What is the size of your room?

Would you be able to build the layout against the wall? 
With a foot, you would not be able to walk around it anyway. Is there a reason you can't butt up to the wall?

All depends on the layout size, you should be able to reach back there and you gain a foot for the layout?

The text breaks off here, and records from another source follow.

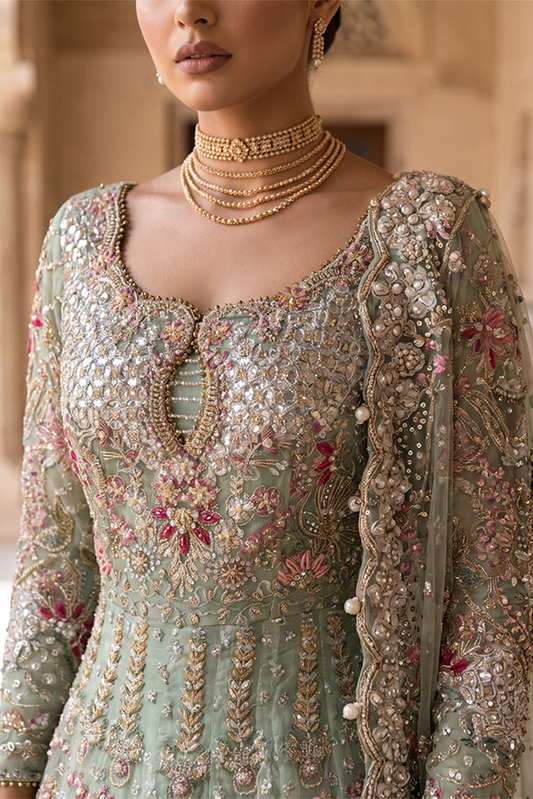 Picture of Maria Osama Khan - Dahlia Wedding Formals - Aurelia - Available at Raja Sahib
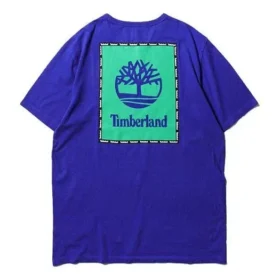 Timberland SS20 Logo Printing Short Sleeve Blue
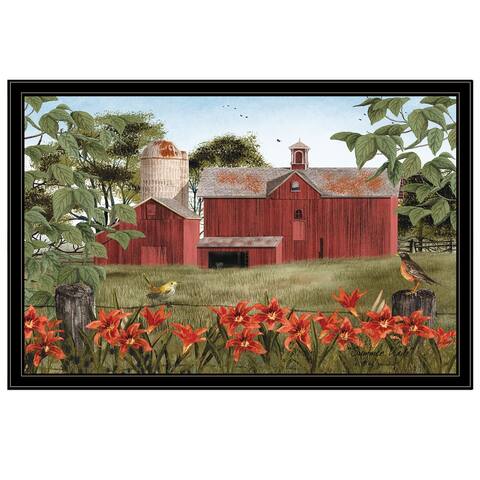 "Summer Days" by Billy Jacobs, Ready to Hang Framed Print, Black Frame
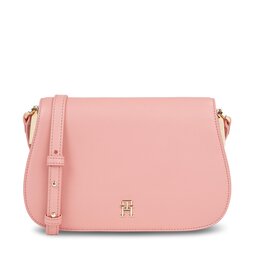 Tommy Hilfiger Torebka Tommy Hilfiger Th Spring Chic Flap Crossover AW0AW15974 Różowy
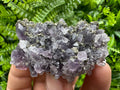 Amethyst with Pyrite: Natural Crystal Mineral Souvenir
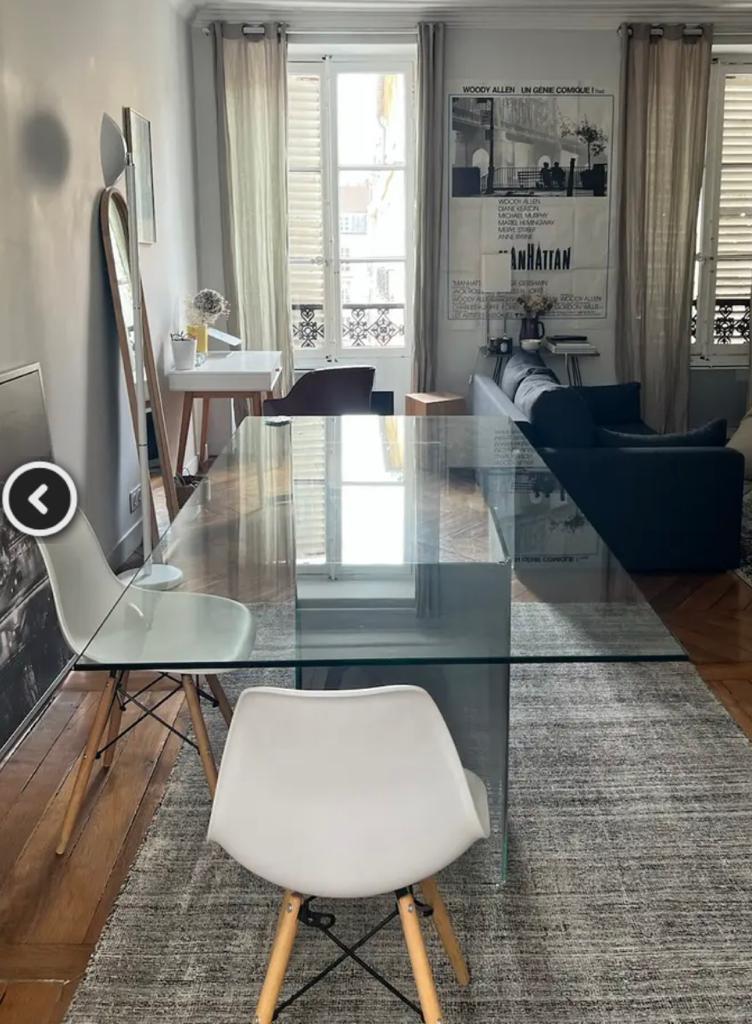 Table en verre 210cm Themasie AUDRA – Image 4
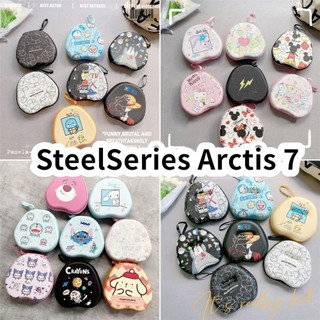 [imamura] Dành Cho Vỏ Tai Nghe SteelSeries Arctis 7 Hoạt Hình Phong Cách Tươi Tai Nghe Tai Nghe Tai Nghe Tai Nghe Túi Bảo Quản Hộp Đựng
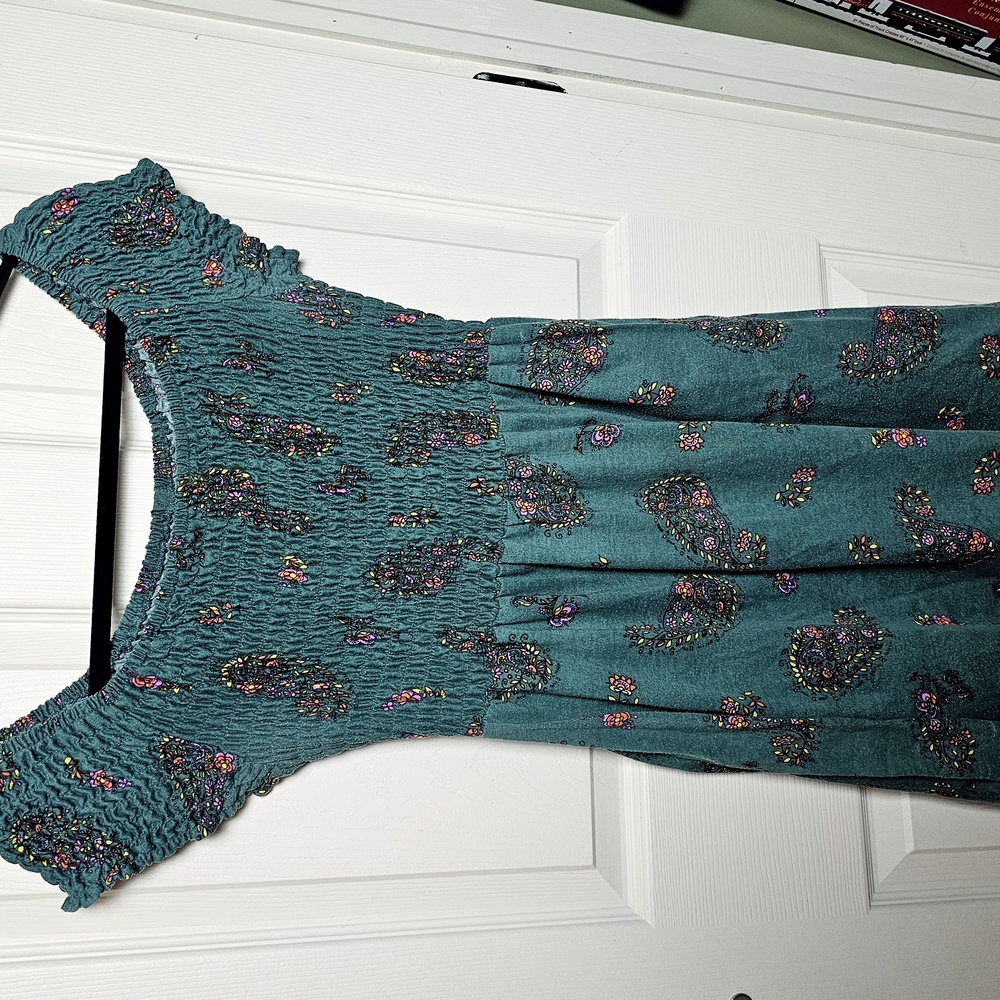 Floral Smocked Dress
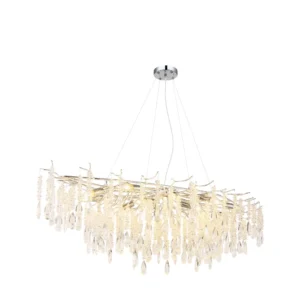 1. Luster Globo Kinga 64141H3 srebrni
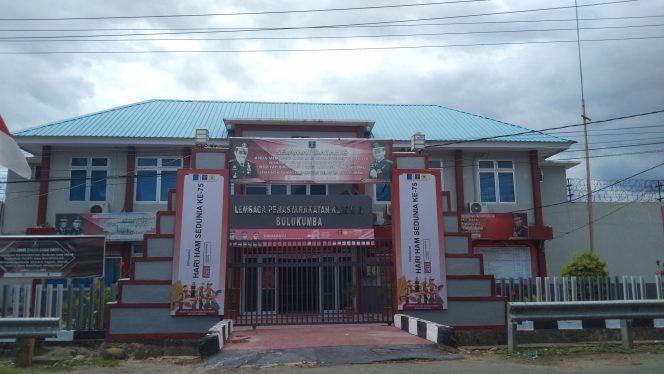					Kantor Lembaga Pemasyarakatan Bulukumba. (Foto: BERITA.NEWS/ Syarif)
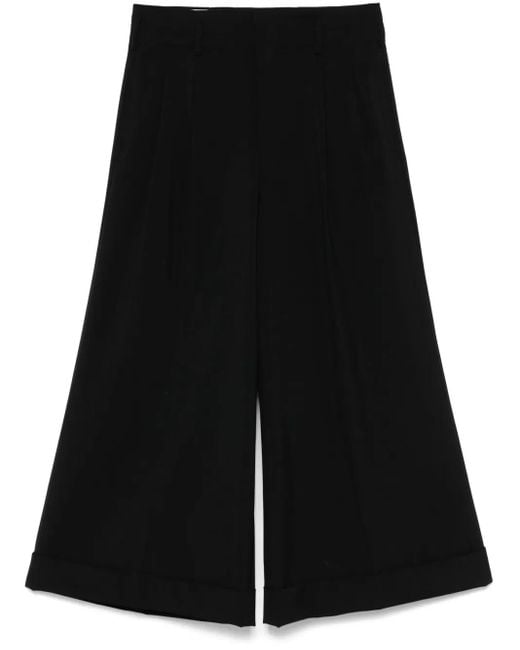 Pantaloni Plissé di Comme des Garçons in Black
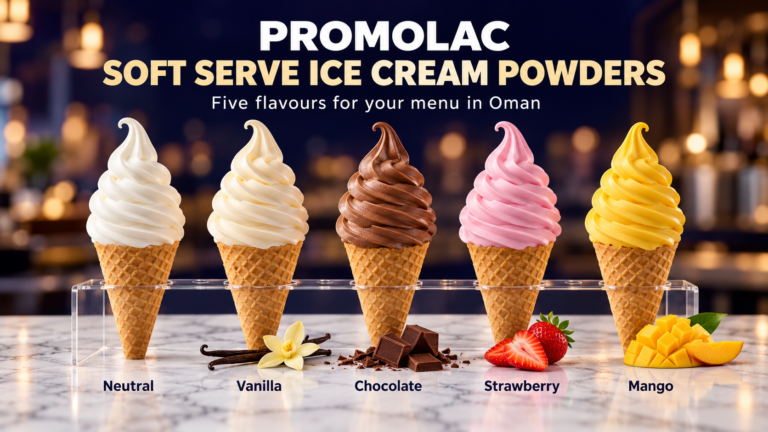 Promolac Ice Cream Powders in Oman: Five Flavours for Your Dessert Menu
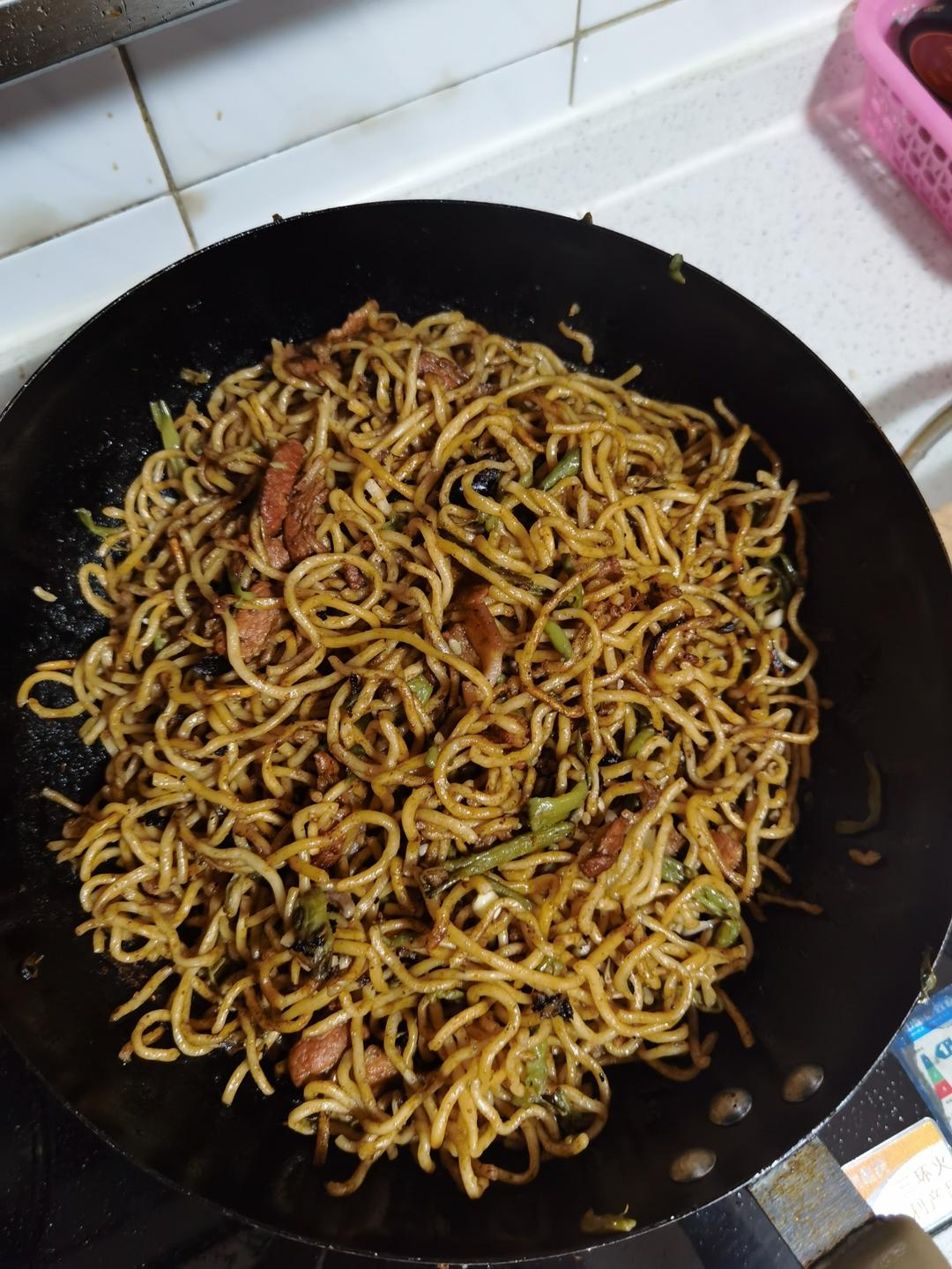 地道老北京扁豆焖面 豆角焖面 太好吃小心吃撑哦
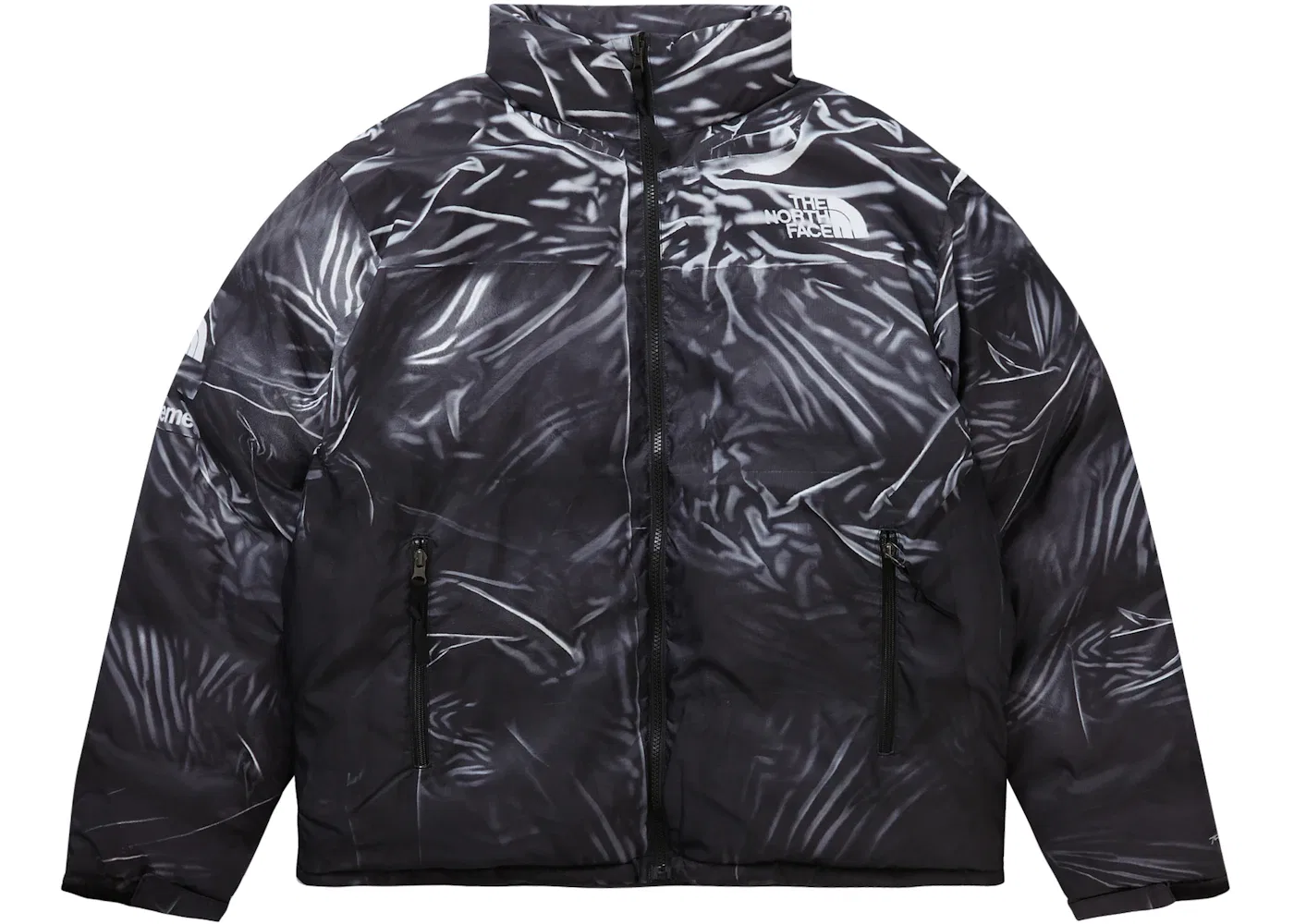 Мужская куртка с принтом Nuptse Trompe L'oeil Supreme, The North Face, Black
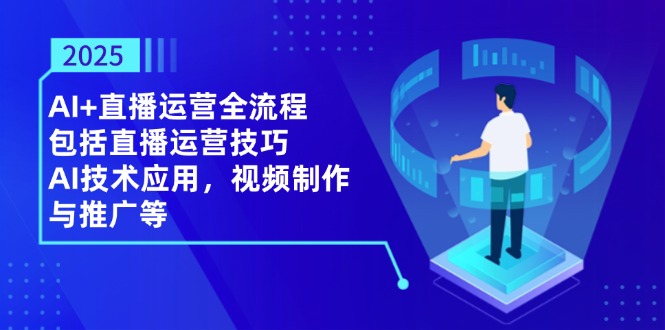 2025AI+直播运营全流程，包括直播运营技巧，AI技术应用，视频制作与推广等-吾藏分享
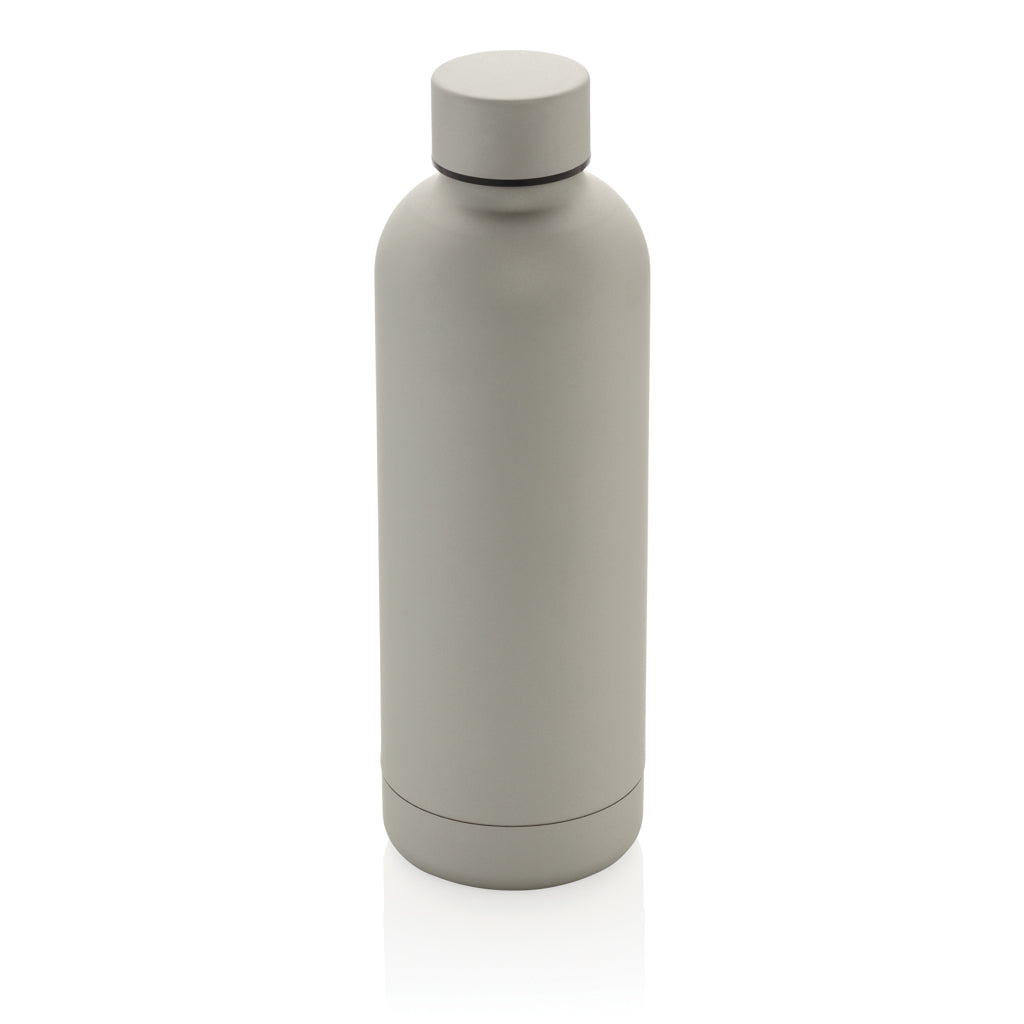 Vacuümfles 500 ml, minimalistisch design, gerecycled RVS, zilver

So far it sounds like N scale would be best?


----------



## agiantfan (Dec 2, 2011)

I can probably go 2' on the ends to allow it to turn around on the ends. Yes it will be against the wall. Also thinking about multi levels as well. "N" scale it'll be. Any othern thoughts thus far? Thinking modern era for power.


----------



## agiantfan (Dec 2, 2011)

Since it will be mounted against the wall. And only 1' wide except at the ends to allow for turn arounds, can it be attached to the walls with L brackets? I am also freehanding designs, how much distance isn required between runs?What kind of track do you recommend? turnouts etc?
TIA!!


----------



## Conductorjoe (Dec 1, 2011)

agiantfan said:


> Since it will be mounted against the wall. And only 1' wide except at the ends to allow for turn arounds, can it be attached to the walls with L brackets? I am also freehanding designs, how much distance isn required between runs?What kind of track do you recommend? turnouts etc?
> TIA!!


 If it is only 1' wide you will not need major bracing like legs. ( I used legs during construction for support them removed them.) If you look closely at mine it is up to 2' wide in areas supported by 1x4 braces cut at at angle. The braces are mounted to a block of 2x4 that is mounted to the studs in the wall. The back side of the benchowork frame is also screwed into studs. Very sturdy. 
If you can turn around in 2' that will be a very nice N scale layout size.


----------



## Conductorjoe (Dec 1, 2011)

I highly recommend taking your time on a layout that size and use flex track and your road bed of choice.. You will have less joints and smoother running. For a beginner I would use code 80 standard N track with 6# turnouts on mainline and 4# in yards.
Kato unitack is nice but very pricey for a layout of that size.


----------



## agiantfan (Dec 2, 2011)

According to "Che" turn radius of 9 3/4 inches.. so 2' should be plenty. I would think. 
Flex track. Okie Dokie!!!!


----------



## Conductorjoe (Dec 1, 2011)

agiantfan said:


> According to "Che" turn radius of 9 3/4 inches.. so 2' should be plenty. I would think.
> Flex track. Okie Dokie!!!!


9 3/4 " is very tight and is minimum. With 2' you can make an 11" radius which would be much better. Any 4 axle locos and 50" cars will glide right around that radius just fine.


----------



## agiantfan (Dec 2, 2011)

I see said the blind man, to his deaf dog on the telephone!!! Great to know!! That helps out alot!!


----------



## Conductorjoe (Dec 1, 2011)

Glad to be able to help.


----------



## agiantfan (Dec 2, 2011)

Joe,
You "Da Man!!!"


----------



## Snape (Dec 7, 2011)

*Use the N track*

I think if you are a beginner the N tarck with turnouts numbering 6 on the mainline woule be the ideal choice. Kato Unitrack is also an option but keep in mind that it is expensive.


----------



## agiantfan (Dec 2, 2011)

Thanks, Snape!!!!


----------



## agiantfan (Dec 2, 2011)

I just downloaded ANYRAIL,Is thee anything else out there or is this a good one??


----------



## NIMT (Jan 6, 2011)

Anyrail is IMHO one of the best.
There are others out there but they are all missing or lacking something.
Anyrail seams to have all the bases covered.
Second choice is *SCARM* it keeps improving all the time! The guy that develops it is on here!


----------



## tjcruiser (Jan 10, 2010)

Sean, etc.

Note: "SCARM", not SCRAM ... "Simple Computer Aided Railway Modeller" ...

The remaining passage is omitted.